The files in this repository provide for the training and evaluation of a machine learning model that is meant to detect the meter of a hemistich of classical Persian poetry. A recent evaluation run yielded the following results:
Accuracy: 0.9801
F1: 0.9792
Precision: 0.9789
Recall: 0.9801
Loss: 0.0996
I chose XLM-RoBERTa from Facebook AI. (Is there a better, more recently developed option? If so, I would be happy to switch to it.)

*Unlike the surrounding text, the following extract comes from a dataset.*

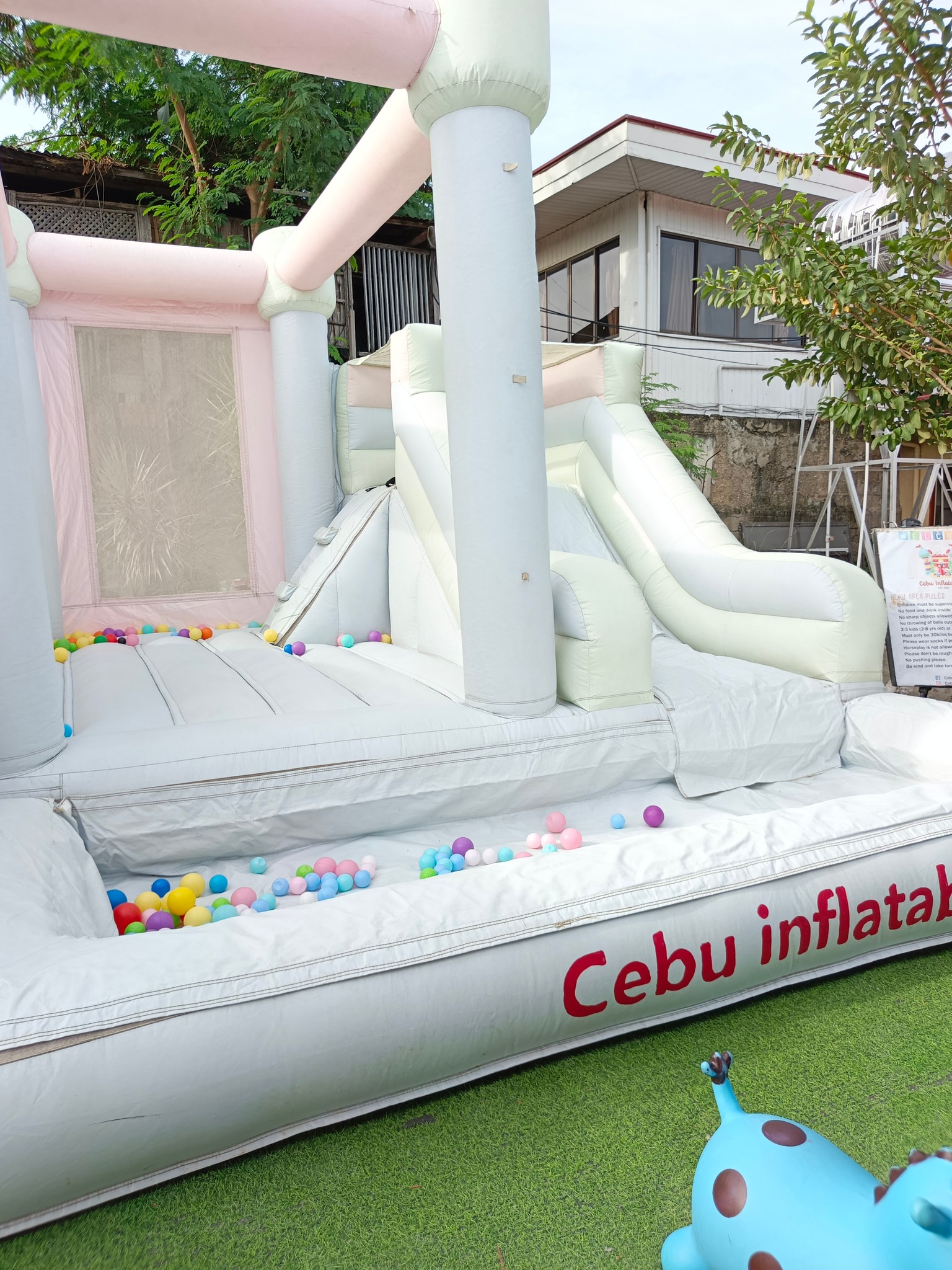 Cebu Inflatables | Talamban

The data used here comes from Ganjoor. So far, I have added to the dataset the following works, representing a total of 277,248 unique hemistichs:
- The complete ghazals of Ṣāʾib Tabrīzī
- The complete ghazals of Ḥāfiẓ
- The complete ghazals of Saʿdī
- All the ghazals in the Dīvān-i Shams of Rūmī (excepting some with obscure meters)
- The first daftar of the Maṡnavī of Rūmī
- A few thousand lines of the Shāhnāma of Firdawsī
- Four of the poems in the Khamsa of Niẓāmī: Laylī u Majnūn, Khusraw va Shīrīn, the Haft paykar, and the Makhzan al-asrār
More should still be added, but this is a start. The model is already quite good at detecting any of the common meters. Some meters are rare enough that they almost never appear in classical Persian poetry, let alone in this training set.
- Get the model properly versioned and published
- Add to the training data and adjust training parameters to improve performance
- Present this work at a conference or workshop or similar (if anyone has suggestions...)
- Deploy an inference server and a web front end, i.e., a web app where a user
could paste one or more hemistichs from a given poem and have the meter
detected (see
consensus.py
for an idea of how this would work, looking for a consensus of high-confidence meter predictions)